Sie tranken, ohne sich dabei aus den Augen zu lassen. Dann senkten sie ihre Gläser, und Gregor D’Arc sagte: „Lasst Euch’s munden, Verehrteste.“
Zara nickte und griff nach ihrem Silberbesteck. Gregor hatte nicht zu viel versprochen. Das, was sein Koch H’oro da kredenzt hatte, war in höchstem Maße köstlich: das Fleisch so butterzart rosa, dass man es mühelos mit der Gabel zerteilen konnte; die Sauce so fein und punktgenau abgestimmt, dass es unmöglich war, zu sagen, welche einzelnen Ingredienzien sie enthielt; das Gratin saftig und raffiniert gewürzt, mit einer goldgelben Käsehaube, die verführerisch knackte, als Zara sie mit der Gabel aufbrach. Mit jedem köstlichen Bissen, den sie nahm, erwachte ihr Appetit mehr, und schließlich fiel sie mit einem wahren Heißhunger über das Mahl her.

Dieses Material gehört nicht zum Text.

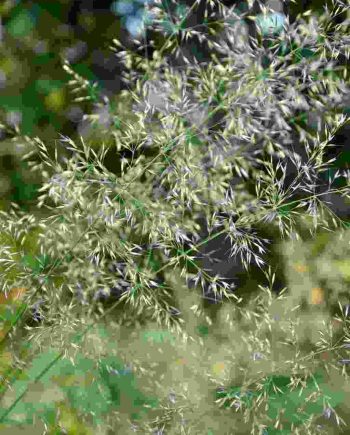 Calamagrostis arundinacea (syn deyebexia pyramidalis)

Erst, als sie ihren Teller bereits zu Dreiviertel geleert hatte, fiel ihr auf, dass Gregor selbst nichts aß. Stattdessen saß er entspannt in seinem Lehnstuhl, ein Glas Wein in der Hand, das er regelmäßig wieder füllte, und begnügte sich damit, Zara über den Tisch hinweg nachdenklich zu betrachten und gepflegte Konversation zu treiben; er sorgte dafür, dass ihr Gespräch nicht abstarb, während Zara weiterhin aß, doch nun, da sie wusste, dass Gregor sie nicht aus den Augen ließ, war ihr anfänglicher Heißhunger verflogen, und nachdem sie noch ein paar Happen von ihrem Teller genommen hatte, legte sie das Besteck ab, schob den Teller von sich und tupfte sich mit der weißen Leinenserviette die Lippen.